暗号化されたデータベースを別インスタンスに復元する方法

マイクロソフトの平山です。これから数回にわたり「透過的なデータ暗号化」を使用して暗号化されたデータベースの使い勝手について紹介していきたいと思います。 

SQL Server 2008 から導入された、「透過的なデータ暗号化」のメリットのひとつとして、データベースの物理ファイルやバックアップが流出したり盗難にあってもデータをのぞき見されることがない、ということが挙げられます。それは次のような理由によります。

  • データベース全体が暗号化されるため、流出したファイルをバイナリエディタなどで展開しても、ファイルの中身を理解することができない
  • データベースの復元(あるいはアタッチ)には証明書が必要なので、バックアップファイルのみが流出しても不正にリストアされてしまうことはない

SQL Server オンラインブックなどのドキュメントには、データベースを暗号化するための方法は親切に解説してありますが、暗号化したデータベースを復元する方法をわかりやすくまとめている箇所がありません。そこで今回のエントリでは、暗号化されたデータベースを別インスタンスに復元する方法を紹介したいと思います。

●まずはデータベースの暗号化までのおさらい

1. データベースとテーブルを作成します
create database TDE_DB
go
use TDE_DB
go
create table t1 (c1 nvarchar(500))
go
2. サービスマスターキーを作成します
use master
go
create master key encryption by password = 'secret!masterKey1'
go
3. 証明書を作成します
create certificate TDE_TEST with subject = 'Test Certificate'
go
3. データベース暗号化キーを作成します
use TDE_DB
go
create database encryption key with algorithm = AES_256
encryption by server certificate TDE_TEST
go
4. データベースを暗号化します
alter database TDE_DB set encryption on
go
 

●続いてデータベースと証明書のバックアップ

1. データベースのバックアップ
backup database TDE_DB to disk='C:\TDE_DB.bak'
go
2. 証明書のバックアップ
backup certificate TDE_TEST to file = 'C:\TDE_TEST.cer'
with private key (file = 'c:\TDE_TEST_KEY.pvk',encryption by password = 'secret!masterKey1')
go

●いよいよ別インスタンスへの復元です。データベースと証明書のバックアップファイルは復元先のマシンにコピーしておいてください。

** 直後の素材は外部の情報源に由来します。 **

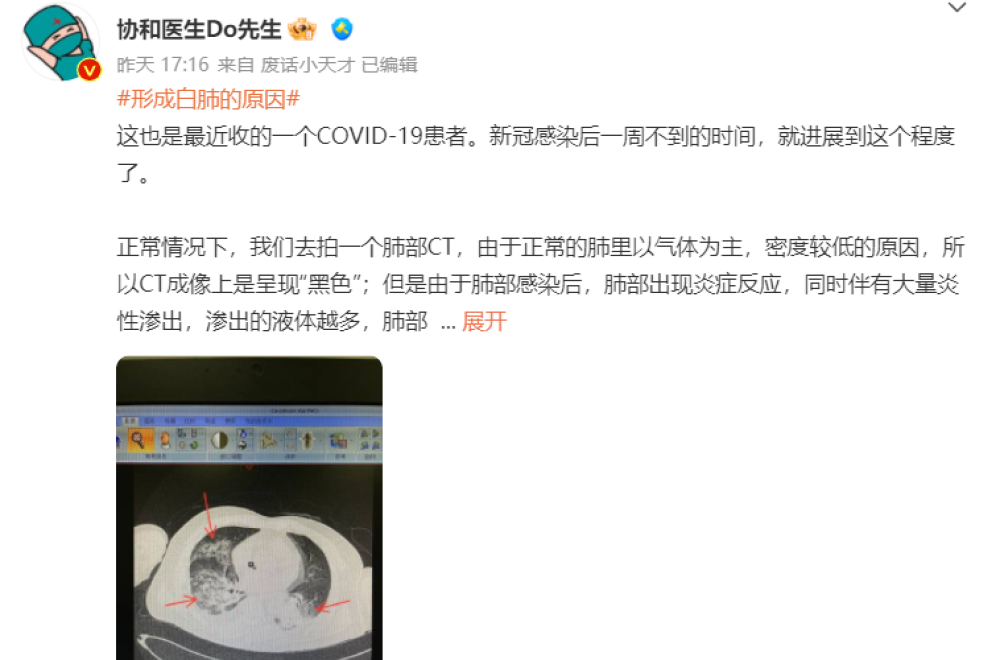“阳康”并非是痊愈的开始，医生提醒，出现这类症状请及时CT检查 鹿血片 第4张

1. 復元先のインスタンスでも独自のサービスマスターキーを作成しておく必要があります
create master key encryption by password = 'tdetest!tdetest1'
go
2. データベースの復元に先駆けて、証明書を復元します
create certificate TDE_TEST
from file = 'c:\TDE_TEST.cer'
with private key (file = 'c:\TDE_TEST_KEY.pvk', decryption by password ='secret!masterKey1')
go
3. これで別インスタンスへのデータベースの復元が可能になります
restore database TDE_DB from disk='C:\TDE_DB.bak'
go

ちなみに上記の手順ではなく、単にデータベースの復元のみを行うと次のようなエラーが発生します。

メッセージ 33111、レベル 16、状態 3、行 1
拇印 '0xC31E2828C900C230B2BC1E9BEBE5B66DCAB9EFXX' でサーバー 証明書 が見つかりません。

また、データベースの復元の際にとても重要な意味を持つ、サービスマスターキーのパスワード証明書のバックアップの管理には細心の注意を払うようにしてください。